Start of RECORDS TO USE
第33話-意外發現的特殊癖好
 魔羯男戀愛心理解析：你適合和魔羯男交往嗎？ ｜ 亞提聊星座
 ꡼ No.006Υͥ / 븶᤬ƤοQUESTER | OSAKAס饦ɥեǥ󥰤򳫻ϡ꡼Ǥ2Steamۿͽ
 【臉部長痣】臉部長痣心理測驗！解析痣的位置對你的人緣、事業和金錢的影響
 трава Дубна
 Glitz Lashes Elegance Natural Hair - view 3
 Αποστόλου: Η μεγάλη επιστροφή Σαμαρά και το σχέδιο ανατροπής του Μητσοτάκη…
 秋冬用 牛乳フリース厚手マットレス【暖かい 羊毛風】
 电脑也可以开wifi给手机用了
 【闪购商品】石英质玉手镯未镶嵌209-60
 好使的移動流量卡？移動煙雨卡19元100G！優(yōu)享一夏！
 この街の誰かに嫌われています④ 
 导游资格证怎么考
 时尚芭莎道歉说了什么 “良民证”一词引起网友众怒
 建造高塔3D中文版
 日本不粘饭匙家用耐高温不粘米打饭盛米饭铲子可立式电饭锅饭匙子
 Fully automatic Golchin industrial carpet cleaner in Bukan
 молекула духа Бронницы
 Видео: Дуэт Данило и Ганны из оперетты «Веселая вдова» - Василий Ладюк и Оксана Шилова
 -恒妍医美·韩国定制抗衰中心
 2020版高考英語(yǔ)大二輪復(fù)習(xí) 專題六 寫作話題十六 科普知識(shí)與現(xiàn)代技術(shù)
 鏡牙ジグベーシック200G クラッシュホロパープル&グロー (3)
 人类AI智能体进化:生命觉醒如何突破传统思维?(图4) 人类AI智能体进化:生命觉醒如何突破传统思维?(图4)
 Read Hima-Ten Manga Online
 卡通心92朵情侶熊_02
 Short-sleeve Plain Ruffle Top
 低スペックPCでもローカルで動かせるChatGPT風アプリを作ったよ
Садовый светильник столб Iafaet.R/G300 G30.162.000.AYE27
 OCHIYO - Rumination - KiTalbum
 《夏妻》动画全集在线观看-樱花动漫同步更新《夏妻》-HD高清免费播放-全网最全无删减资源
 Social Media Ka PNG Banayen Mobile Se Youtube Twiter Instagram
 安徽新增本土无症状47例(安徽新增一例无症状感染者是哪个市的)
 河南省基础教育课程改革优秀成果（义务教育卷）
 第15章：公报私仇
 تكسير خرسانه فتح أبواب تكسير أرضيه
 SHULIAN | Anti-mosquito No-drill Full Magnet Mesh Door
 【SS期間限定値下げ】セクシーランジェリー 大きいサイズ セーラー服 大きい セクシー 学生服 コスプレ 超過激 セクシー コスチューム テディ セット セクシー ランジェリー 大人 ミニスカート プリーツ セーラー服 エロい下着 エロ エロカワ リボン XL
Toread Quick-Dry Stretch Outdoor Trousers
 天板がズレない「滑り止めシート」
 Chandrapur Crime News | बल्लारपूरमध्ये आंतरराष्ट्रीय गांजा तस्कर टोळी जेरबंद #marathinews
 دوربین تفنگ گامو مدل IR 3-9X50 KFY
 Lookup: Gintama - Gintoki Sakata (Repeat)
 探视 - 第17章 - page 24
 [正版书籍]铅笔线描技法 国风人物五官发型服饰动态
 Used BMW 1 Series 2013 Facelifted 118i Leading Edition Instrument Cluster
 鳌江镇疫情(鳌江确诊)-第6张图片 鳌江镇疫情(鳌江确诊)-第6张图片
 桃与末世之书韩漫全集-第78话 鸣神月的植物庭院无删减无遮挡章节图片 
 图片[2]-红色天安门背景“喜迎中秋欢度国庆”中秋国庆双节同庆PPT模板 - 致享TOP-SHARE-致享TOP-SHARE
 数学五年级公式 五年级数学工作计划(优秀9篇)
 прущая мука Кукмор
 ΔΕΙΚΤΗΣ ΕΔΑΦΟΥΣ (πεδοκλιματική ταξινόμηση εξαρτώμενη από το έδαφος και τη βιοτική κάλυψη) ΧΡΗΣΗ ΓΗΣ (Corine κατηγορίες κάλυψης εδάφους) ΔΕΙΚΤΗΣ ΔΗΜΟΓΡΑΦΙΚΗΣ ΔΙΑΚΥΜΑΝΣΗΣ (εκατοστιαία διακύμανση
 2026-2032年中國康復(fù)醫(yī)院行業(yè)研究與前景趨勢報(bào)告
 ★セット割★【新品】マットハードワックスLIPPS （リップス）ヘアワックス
End of RECORDS TO USE
### YOUR ASSIGNMENT
Go through the material above and output exactly the lines from the one containing "Fully automatic Golchin" through the one containing "SHULIAN | Anti-mosquito".

### RESPONSE AREA
 Fully automatic Golchin industrial carpet cleaner in Bukan
 молекула духа Бронницы
 Видео: Дуэт Данило и Ганны из оперетты «Веселая вдова» - Василий Ладюк и Оксана Шилова
 -恒妍医美·韩国定制抗衰中心
 2020版高考英語(yǔ)大二輪復(fù)習(xí) 專題六 寫作話題十六 科普知識(shí)與現(xiàn)代技術(shù)
 鏡牙ジグベーシック200G クラッシュホロパープル&グロー (3)
 人类AI智能体进化:生命觉醒如何突破传统思维?(图4) 人类AI智能体进化:生命觉醒如何突破传统思维?(图4)
 Read Hima-Ten Manga Online
 卡通心92朵情侶熊_02
 Short-sleeve Plain Ruffle Top
 低スペックPCでもローカルで動かせるChatGPT風アプリを作ったよ
Садовый светильник столб Iafaet.R/G300 G30.162.000.AYE27
 OCHIYO - Rumination - KiTalbum
 《夏妻》动画全集在线观看-樱花动漫同步更新《夏妻》-HD高清免费播放-全网最全无删减资源
 Social Media Ka PNG Banayen Mobile Se Youtube Twiter Instagram
 安徽新增本土无症状47例(安徽新增一例无症状感染者是哪个市的)
 河南省基础教育课程改革优秀成果（义务教育卷）
 第15章：公报私仇
 تكسير خرسانه فتح أبواب تكسير أرضيه
 SHULIAN | Anti-mosquito No-drill Full Magnet Mesh Door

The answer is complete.